# Your task:
Without changing a word, copy every line of the listing below and leave out the images.

# Data records:
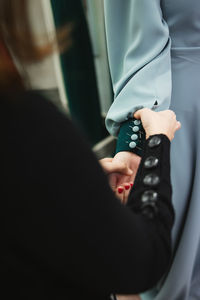 Female tailor attaching buttons with pins on sleeve of dress on model arm during work in professional workshop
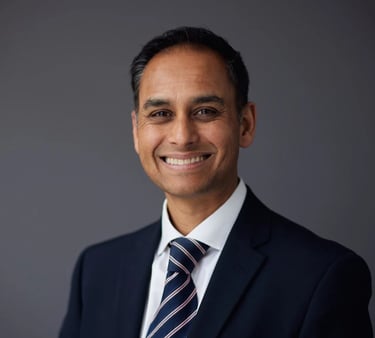 a man in a suit and tie smiling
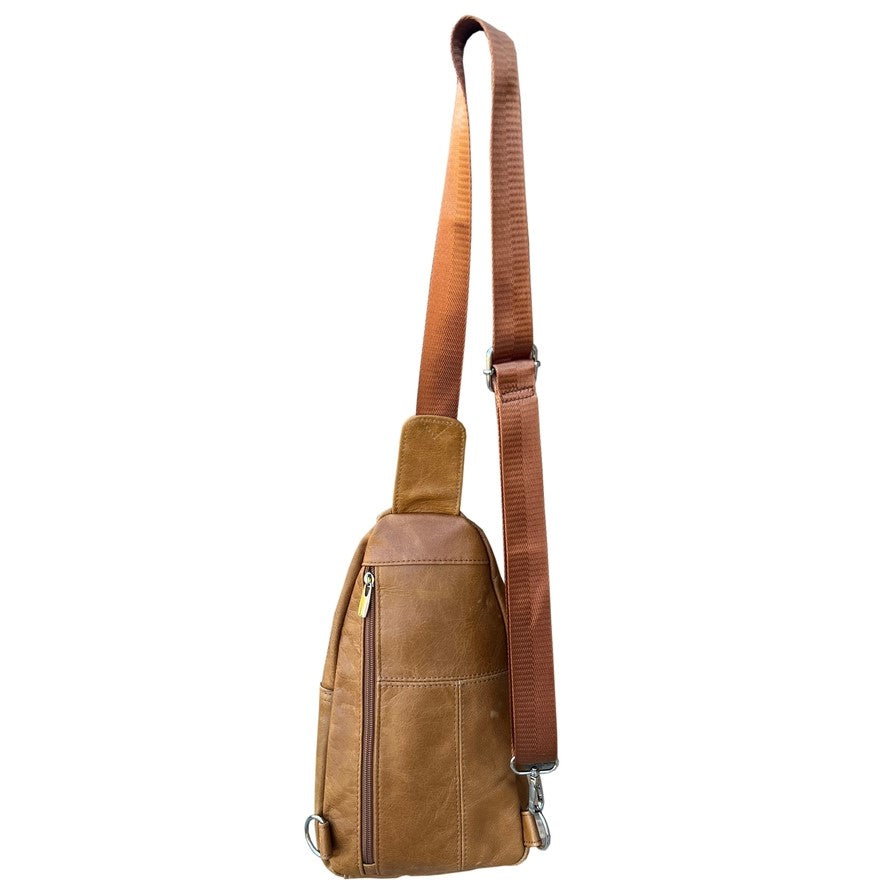 Back of a small tan leather crossbody bag featuring one zipper pocket on the backside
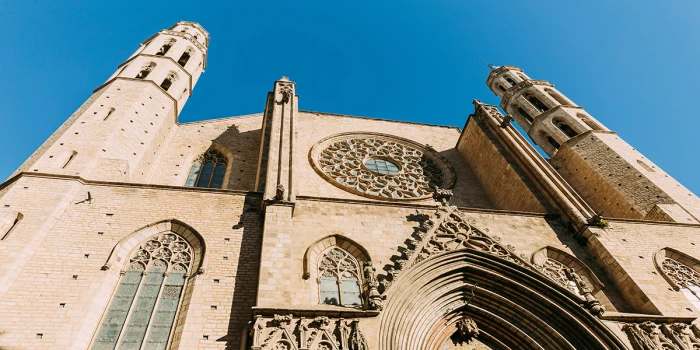 Si vede la facciata di un edificio storico con archi in pietra e due torri sotto un cielo azzurro.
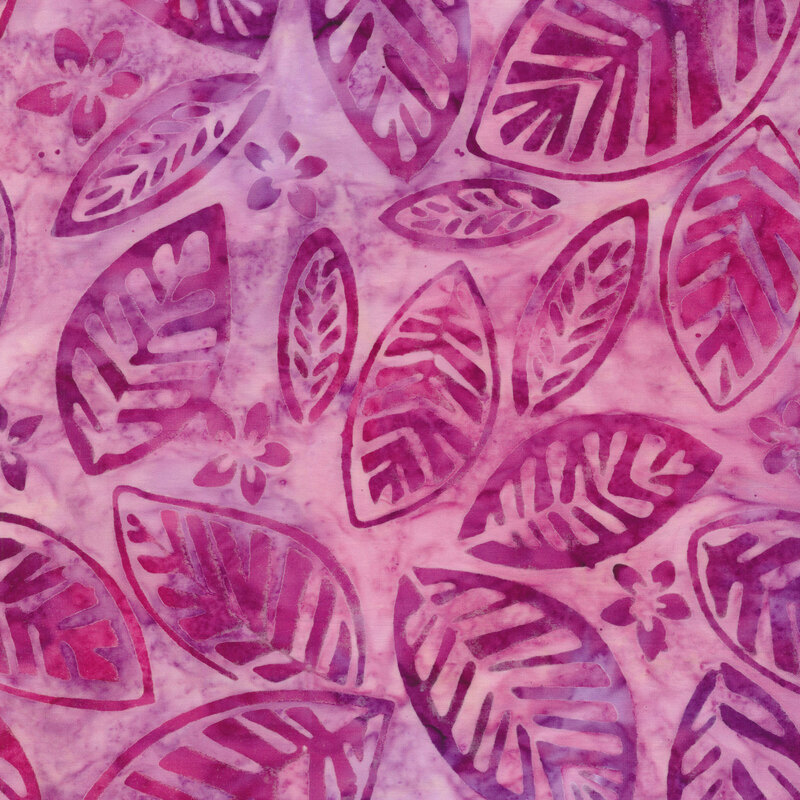 Fabric with magenta tossed leaves and flowers on a pink and purple mottled background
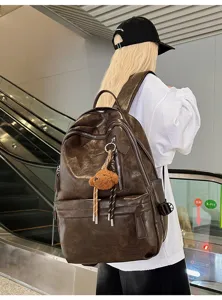 Back view of person wearing large vintage brown soft leather commuter backpack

# Output of the exercise:
 Female tailor attaching buttons with pins on sleeve of dress on model arm during work in professional workshop
 a man in a suit and tie smiling
 Back of a small tan leather crossbody bag featuring one zipper pocket on the backside
 Si vede la facciata di un edificio storico con archi in pietra e due torri sotto un cielo azzurro.
 Fabric with magenta tossed leaves and flowers on a pink and purple mottled background
 Back view of person wearing large vintage brown soft leather commuter backpack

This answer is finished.